Most books let you jump forward or backward by chapter, section, or part. This is a great way to use a reference or other nonfiction book or to re-read a favorite section from a work of fiction. And it also helps out in collected works.

1. Select or tap the button that shows the table of contents.

2. Select the chapter you want.

Depending on your device, you may need to press a button called Menu and then select Next Chapter or Previous Chapter. Or you may need to select Table of Contents and choose from what comes up.

You may be able to use a search function to hunt through an entire book or chapter to find a particular word, name, or phrase. Read the manual to see if searching is available on your device. However, sometimes the publisher of an electronic file doesn’t allow jumping to a section or searching for a word; that isn’t something that the eReader maker can change. For current and recent books, the publisher or the author holds the copyright on a manuscript and one or the other can control how the property is presented, altered, or indexed.

Changing the size of text

Here’s another place where an eBook wins over certain printed books.

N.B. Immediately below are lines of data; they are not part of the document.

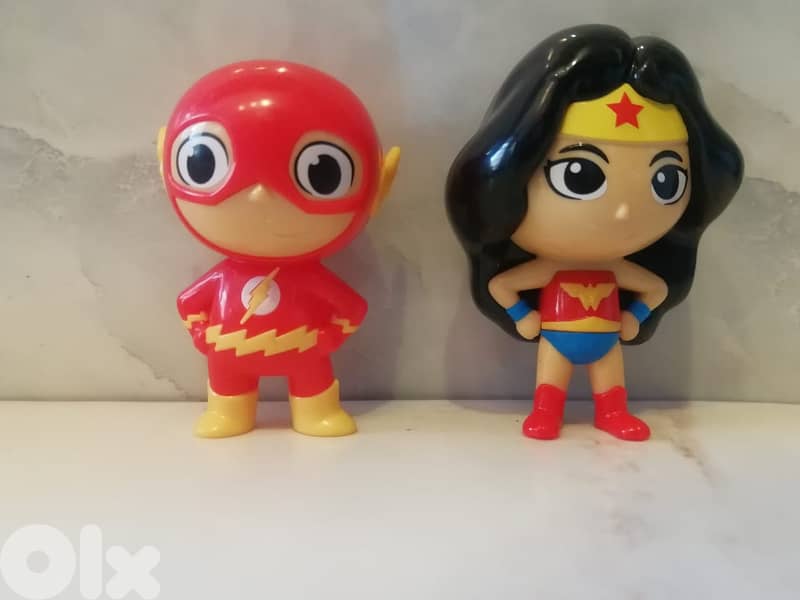 DC universe justice league plastic toys 2$ each 0
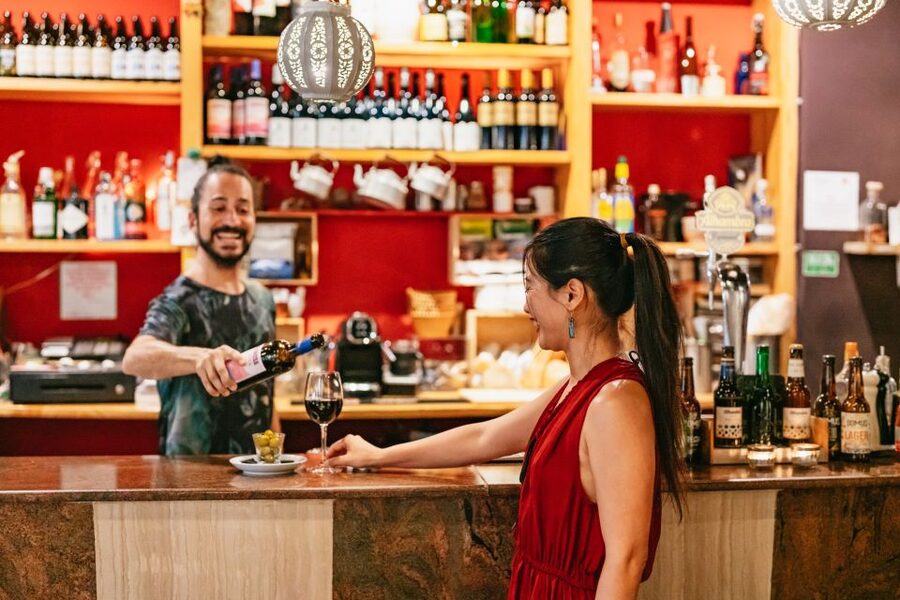 "Algarabía": Flamenco Show at Café Ziryab. Madrid - Tapas and drinks: what to order without turning it into a chore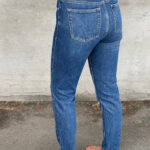 Tomorrow Denim Hepburn mom wash Bright Orlando
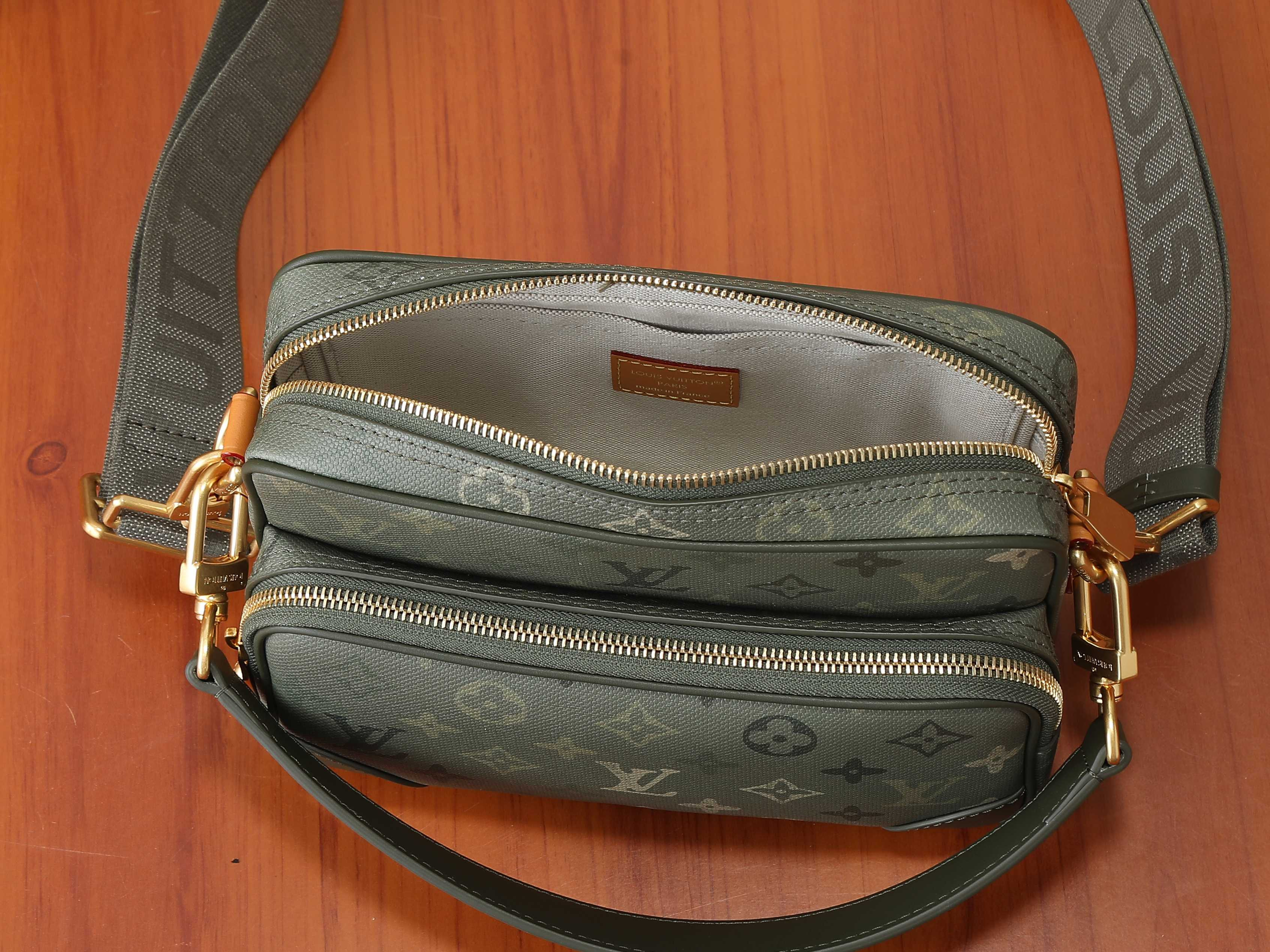 LV Nil M27095 25x17.5x11cm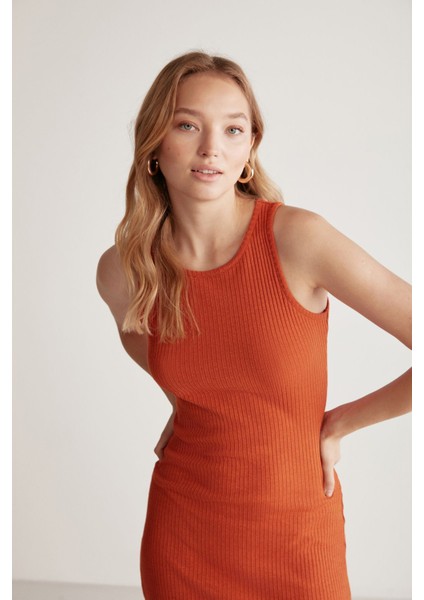 Carına Kadın Geniş Fitilli Esnek Kumaşlı Vücüda Oturan Bodycon Maxi Kiremit Rengi Elbise fiyatları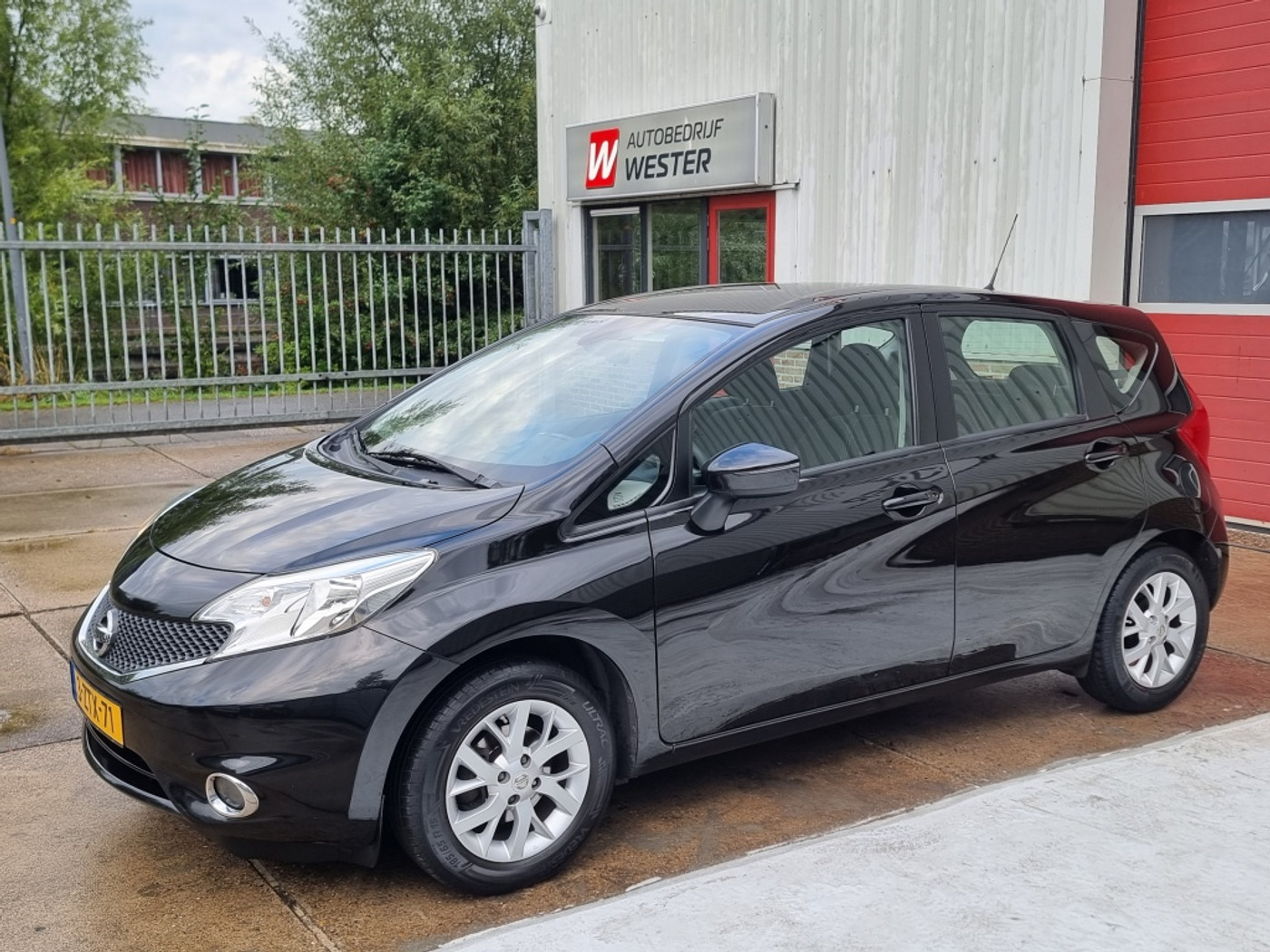 Nissan Nissan Note 1.2 Connect Edition 2015 - voorkant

Have you ever picked up a heavy tome and found the words so small that only a mouse could appreciate it? On an eReader you can set your own type. Read the instructions for your particular device; in general, you can change the type size and style for a book while it’s on the screen. Some devices offer a menu that appears alongside the page you’re reading at the time. Others require you to go to a Menu page and select Typeface or another similar option. And some designs allow you to select a default size and style that applies to all books you open, until you make a different selection.

technicalstuff.eps Actually, one of the nicknames for tiny print — like the legal disclaimers in a credit card offer — is “mouse print.” In that situation, it may be that the lawyers are hoping you don’t read the details. In some paper books, though, it may be an attempt to squeeze ten pounds of text into a six-pound box.

Type sizes may be presented in relative terms, kind of like t-shirt sizes: small, medium, normal, large, and extra large. But you may also see designs that ask you to choose a “point size” for the type. Almost from the dawn of the age of printing, type has used a scale where 72 points is roughly equivalent to one inch in height. Most books that you read (like the one you are reading right now) are set in 10 point type. Figure 4-2 shows font size and style being chosen on one eReader.

Figure 4-2: The Caterpillar prefers sans serif type.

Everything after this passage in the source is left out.